Après les démissions en série du MMM, il semblerait que la vague vient d’atteindre le Parti Travailliste. L’opération semble avoir débuté avec Kalyanee Jugroo, l’ex-secrétaire générale des rouge qui le fit avec une discrétion remarquable. Ce n’est que des années après avoir occupé ce poste qu’elle vient de découvrir qu’elle n’était pas conviée aux conférences de presse, que les annonces et les interviews importantes étaient faites par d’autres membres – majoritairement des hommes – et que selon l’expression consacrée, on l’avait utilisée comme un vase à fleur ou « enn poupet dookia ». Traitement qu’elle avait accepté sans problème et sans état d’âme. C’est en sortant de cette longue période de léthargie – sans doute, avec l’aide des agents recruteurs orange – qu’elle a décidé de démissionner de son poste et du parti dont elle est membre depuis plus de trente ans. Elle a affirmé que c’est un manque de considération à son égard qui a motivé sa décision. Si Mme Kalyanee Jugroo ne s’est pas, comme d’autres transfuges, drapée dans un sari orange, elle a quand même annoncé la couleur de sa prochaine destination politique en disant que « le leader du MSM est jeune, est à l’écoute et n’est pas arrogant. » Et pour ceux qui n’auraient pas compris, elle a ajouté : « Je ne vois pas la population injurier le Premier ministre comme elle le fait pour d’autres. »
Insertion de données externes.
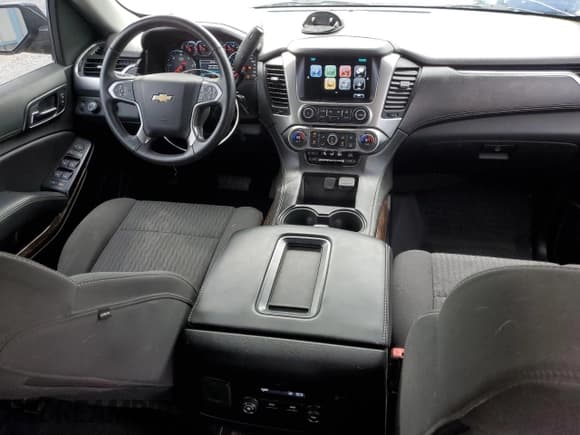 ✅ 2020 Chevrolet Tahoe LS • VIN: 1GNSKAKC9LR302135 • Lot: 84415915. Wystawiony na Copart z przebiegiem 107 538 mil. Bezpłatny archiwum sprzedaży aukcyjnych z USA i szczegółowy raport historii pojazdu na DreamBid. Zdjęcie 8.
Mais qu’est-ce que le MSM fera de tous ces transfuges qui, si la vague continue, seront bientôt plus nombreux que les militants orange de souche ? Déjà, il semblerait que les authentiques – ou, en tout cas, les plus anciens – ne voient pas d’un bon œil les nouveaux venus qui prétendent qu’ils ont accepté d’être débauchés contre des promesses de nominations ou de ticket aux prochaines élections. Le mécontentement entre les anciens et les nouveaux venus risque d’augmenter et de provoquer les mêmes vagues de mécontentements que le parti orange a su organiser chez ses adversaires. Il y a aussi le cas de ceux qui ont quitté leur parti en les reniant et en dénonçant leurs anciens leaders, avant de chanter les mérites de Pravind et qui ont été oubliés dans un coin. Ils attendent toujours le boutte promis qu’ils ne voient pas venir. Comme quoi, en politique, la trahison ne rapporte pas toujours et les promesses n’engagent que ceux qui ont la naïveté, ou la stupidité, d’y croire.